Among other technologies, National Grid is exploring the use of transmission asset robots from Kinectrics that test the strength and resilience of lines without damaging them. The utility also is using battery storage technology in a bid to prevent the need for new transmission in cases where lines are near capacity during peak periods. On the island of Nantucket in Massachusetts, the utility built a 6-MW/48-MWh battery energy storage system, the largest of its kind in New England. Because of the rapid growth in electricity demand on the island, the battery was introduced as a solution to serve as an energy source during peak summer months.
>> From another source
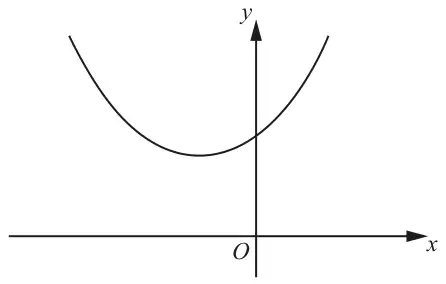 Graph of y = 5cosh x + 3sinh x: a U-shaped curve lying above the x-axis, with its minimum point to the left of the y-axis, crossing the positive y-axis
It enabled the utility to avoid the installation of a new undersea cable to the island for 15 years.


There are significant opportunities to increase the delivery of renewable energy over existing transmission lines, and National Grid’s use of these technologies is enabling the utility to lead the clean-energy transition and put it on the path to meet and exceed New York state’s renewable energy goals.

As the utility collectively looks to temper the impacts of climate change, investing in the grid is a requirement. Getting the most out of the assets National Grid already has is an efficient way to maximize the existing transmission capacity and enable the integration of more renewables more quickly.

Terron Hill ([email protected]) is director of clean energy development for National Grid. In this role, he is responsible for pushing forward new innovations to help transition the utility’s network to deliver a clean energy future.